Your answer should be the lines below from the one with "アウラヘアーサロン(aura hair salon)" to the one with "91家纺网 家纺一手货源 找家纺 麒东家纺 2026新款春夏泡泡纱夹棉床垫系列 宝蓝", both included, given again exactly and with nothing added.

Records excerpted from a collection:
- Opening Delimiter -

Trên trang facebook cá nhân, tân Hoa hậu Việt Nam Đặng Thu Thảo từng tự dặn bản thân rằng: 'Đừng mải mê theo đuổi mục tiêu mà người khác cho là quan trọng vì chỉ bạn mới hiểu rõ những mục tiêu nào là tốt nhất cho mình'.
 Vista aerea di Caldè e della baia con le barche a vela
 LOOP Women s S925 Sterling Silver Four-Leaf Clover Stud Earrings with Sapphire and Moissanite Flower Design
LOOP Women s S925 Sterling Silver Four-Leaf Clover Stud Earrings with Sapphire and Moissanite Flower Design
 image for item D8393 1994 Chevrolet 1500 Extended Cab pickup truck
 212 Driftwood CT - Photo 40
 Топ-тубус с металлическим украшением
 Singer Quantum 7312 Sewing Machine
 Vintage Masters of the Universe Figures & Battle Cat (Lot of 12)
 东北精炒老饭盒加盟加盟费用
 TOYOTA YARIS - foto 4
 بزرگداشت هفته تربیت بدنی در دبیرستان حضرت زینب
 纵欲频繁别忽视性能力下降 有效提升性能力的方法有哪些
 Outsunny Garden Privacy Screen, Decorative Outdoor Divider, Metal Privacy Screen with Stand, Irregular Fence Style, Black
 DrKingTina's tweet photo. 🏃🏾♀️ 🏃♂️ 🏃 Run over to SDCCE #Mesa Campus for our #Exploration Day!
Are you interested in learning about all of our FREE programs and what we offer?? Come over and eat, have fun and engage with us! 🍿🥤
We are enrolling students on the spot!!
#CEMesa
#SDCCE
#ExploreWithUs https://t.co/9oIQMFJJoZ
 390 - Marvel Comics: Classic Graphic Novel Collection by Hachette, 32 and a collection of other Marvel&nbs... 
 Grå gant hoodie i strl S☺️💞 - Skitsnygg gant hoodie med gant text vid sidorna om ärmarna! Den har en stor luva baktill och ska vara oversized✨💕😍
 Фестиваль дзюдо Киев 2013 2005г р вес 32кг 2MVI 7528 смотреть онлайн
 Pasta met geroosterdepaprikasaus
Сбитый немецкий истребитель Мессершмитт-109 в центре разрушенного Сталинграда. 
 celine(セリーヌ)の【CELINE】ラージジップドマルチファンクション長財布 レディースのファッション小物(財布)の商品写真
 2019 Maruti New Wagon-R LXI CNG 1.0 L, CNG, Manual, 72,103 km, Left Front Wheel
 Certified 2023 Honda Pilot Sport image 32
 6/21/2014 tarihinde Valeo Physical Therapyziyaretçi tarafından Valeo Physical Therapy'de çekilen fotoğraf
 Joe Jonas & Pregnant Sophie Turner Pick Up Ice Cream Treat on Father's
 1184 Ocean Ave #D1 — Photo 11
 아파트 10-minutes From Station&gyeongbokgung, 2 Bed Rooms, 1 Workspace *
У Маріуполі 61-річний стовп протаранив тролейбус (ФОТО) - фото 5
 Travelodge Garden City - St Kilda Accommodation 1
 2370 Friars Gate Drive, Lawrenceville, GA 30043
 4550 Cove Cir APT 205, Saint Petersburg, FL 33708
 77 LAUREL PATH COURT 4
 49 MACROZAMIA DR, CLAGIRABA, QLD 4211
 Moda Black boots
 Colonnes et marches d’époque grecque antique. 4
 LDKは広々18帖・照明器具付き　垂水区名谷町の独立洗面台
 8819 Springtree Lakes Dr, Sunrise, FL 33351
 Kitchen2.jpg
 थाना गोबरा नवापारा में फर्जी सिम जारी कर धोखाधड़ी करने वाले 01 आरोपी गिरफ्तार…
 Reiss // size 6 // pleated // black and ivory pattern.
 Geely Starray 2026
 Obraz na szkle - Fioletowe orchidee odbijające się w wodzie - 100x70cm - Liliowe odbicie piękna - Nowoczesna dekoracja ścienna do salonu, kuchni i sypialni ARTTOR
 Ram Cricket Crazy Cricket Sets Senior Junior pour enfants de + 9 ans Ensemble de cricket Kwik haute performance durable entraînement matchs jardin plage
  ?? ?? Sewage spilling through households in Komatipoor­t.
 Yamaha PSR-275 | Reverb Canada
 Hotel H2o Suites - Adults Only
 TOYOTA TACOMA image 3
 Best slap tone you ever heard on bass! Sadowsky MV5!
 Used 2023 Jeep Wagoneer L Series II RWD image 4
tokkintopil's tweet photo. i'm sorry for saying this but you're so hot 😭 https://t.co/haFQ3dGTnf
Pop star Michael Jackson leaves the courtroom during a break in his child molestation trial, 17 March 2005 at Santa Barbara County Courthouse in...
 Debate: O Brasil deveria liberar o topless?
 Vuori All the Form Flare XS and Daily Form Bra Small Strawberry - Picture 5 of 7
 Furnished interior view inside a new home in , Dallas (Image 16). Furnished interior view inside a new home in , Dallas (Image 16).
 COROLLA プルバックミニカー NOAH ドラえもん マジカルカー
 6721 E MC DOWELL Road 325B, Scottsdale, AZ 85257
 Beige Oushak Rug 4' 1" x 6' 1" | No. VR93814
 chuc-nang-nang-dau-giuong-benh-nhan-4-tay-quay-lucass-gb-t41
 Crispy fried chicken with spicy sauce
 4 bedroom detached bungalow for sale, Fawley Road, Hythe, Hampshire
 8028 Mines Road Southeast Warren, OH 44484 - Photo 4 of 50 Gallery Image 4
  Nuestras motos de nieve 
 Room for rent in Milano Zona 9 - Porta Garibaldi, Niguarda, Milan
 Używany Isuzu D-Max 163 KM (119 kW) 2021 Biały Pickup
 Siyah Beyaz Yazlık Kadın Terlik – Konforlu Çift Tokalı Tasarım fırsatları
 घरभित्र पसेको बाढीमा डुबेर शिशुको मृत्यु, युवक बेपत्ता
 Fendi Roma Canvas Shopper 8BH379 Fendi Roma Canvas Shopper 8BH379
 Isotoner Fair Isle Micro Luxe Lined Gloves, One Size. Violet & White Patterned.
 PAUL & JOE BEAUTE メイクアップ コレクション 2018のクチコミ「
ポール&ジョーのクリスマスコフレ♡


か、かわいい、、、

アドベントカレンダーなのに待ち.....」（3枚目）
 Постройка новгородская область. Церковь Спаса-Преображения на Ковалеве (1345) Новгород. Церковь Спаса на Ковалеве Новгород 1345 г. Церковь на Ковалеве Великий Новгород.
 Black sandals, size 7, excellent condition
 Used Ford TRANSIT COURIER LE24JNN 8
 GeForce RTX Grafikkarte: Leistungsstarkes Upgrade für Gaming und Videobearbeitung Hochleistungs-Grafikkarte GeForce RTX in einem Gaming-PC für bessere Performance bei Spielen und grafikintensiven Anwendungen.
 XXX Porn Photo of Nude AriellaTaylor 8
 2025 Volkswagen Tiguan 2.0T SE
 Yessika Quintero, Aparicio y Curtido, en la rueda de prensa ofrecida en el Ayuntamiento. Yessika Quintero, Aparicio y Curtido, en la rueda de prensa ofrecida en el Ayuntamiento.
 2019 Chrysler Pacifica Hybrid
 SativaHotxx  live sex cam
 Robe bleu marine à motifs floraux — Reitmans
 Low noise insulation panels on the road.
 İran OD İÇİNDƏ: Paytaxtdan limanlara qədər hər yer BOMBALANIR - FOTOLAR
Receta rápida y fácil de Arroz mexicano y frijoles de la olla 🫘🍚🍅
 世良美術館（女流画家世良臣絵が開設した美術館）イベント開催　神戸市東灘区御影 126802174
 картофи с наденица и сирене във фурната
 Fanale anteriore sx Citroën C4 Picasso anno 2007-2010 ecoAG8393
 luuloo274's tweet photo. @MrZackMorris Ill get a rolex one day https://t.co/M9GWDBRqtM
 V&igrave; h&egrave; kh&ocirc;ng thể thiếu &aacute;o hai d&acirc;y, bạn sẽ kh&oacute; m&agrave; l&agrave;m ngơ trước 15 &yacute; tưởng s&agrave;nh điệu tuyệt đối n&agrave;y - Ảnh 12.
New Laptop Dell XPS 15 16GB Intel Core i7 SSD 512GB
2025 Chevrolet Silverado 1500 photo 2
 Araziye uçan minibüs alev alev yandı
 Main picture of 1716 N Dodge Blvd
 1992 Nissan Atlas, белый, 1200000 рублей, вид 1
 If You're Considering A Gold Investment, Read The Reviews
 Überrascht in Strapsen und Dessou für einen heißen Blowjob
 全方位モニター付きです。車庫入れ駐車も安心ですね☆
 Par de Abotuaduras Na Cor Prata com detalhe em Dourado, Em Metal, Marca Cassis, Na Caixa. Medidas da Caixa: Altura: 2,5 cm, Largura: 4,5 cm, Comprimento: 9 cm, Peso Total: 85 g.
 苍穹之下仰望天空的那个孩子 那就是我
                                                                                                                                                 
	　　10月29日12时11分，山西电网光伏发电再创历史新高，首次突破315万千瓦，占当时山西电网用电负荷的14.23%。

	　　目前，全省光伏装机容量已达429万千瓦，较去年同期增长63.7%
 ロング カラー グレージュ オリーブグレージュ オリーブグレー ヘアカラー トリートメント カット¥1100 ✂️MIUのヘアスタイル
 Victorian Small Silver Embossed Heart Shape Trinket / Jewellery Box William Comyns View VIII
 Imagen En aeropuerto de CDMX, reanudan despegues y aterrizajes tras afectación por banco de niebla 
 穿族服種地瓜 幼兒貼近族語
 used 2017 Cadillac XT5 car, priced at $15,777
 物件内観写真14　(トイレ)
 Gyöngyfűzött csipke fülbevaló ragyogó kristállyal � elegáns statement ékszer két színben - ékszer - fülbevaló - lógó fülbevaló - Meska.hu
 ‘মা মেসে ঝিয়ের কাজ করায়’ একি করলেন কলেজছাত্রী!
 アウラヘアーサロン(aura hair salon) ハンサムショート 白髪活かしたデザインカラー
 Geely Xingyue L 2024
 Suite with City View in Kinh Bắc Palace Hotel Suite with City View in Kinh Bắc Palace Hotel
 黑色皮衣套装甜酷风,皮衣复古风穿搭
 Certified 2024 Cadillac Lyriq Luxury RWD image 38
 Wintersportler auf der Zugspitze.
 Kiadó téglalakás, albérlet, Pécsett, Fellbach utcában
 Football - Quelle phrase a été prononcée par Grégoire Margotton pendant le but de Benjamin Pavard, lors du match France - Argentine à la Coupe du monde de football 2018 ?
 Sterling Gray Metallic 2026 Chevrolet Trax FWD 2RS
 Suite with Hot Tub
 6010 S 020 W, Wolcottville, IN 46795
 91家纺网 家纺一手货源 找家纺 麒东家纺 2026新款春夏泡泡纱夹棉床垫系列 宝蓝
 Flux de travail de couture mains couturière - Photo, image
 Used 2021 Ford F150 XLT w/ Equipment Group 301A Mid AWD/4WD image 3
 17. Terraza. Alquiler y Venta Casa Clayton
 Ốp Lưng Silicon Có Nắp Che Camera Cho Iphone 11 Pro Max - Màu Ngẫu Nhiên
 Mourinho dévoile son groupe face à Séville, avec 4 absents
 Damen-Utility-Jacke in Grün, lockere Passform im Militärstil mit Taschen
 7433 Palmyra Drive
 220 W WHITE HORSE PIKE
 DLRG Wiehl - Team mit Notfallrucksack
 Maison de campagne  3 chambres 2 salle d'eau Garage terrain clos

- Closing Delimiter -

Exercise solution:
 アウラヘアーサロン(aura hair salon) ハンサムショート 白髪活かしたデザインカラー
 Geely Xingyue L 2024
 Suite with City View in Kinh Bắc Palace Hotel Suite with City View in Kinh Bắc Palace Hotel
 黑色皮衣套装甜酷风,皮衣复古风穿搭
 Certified 2024 Cadillac Lyriq Luxury RWD image 38
 Wintersportler auf der Zugspitze.
 Kiadó téglalakás, albérlet, Pécsett, Fellbach utcában
 Football - Quelle phrase a été prononcée par Grégoire Margotton pendant le but de Benjamin Pavard, lors du match France - Argentine à la Coupe du monde de football 2018 ?
 Sterling Gray Metallic 2026 Chevrolet Trax FWD 2RS
 Suite with Hot Tub
 6010 S 020 W, Wolcottville, IN 46795
 91家纺网 家纺一手货源 找家纺 麒东家纺 2026新款春夏泡泡纱夹棉床垫系列 宝蓝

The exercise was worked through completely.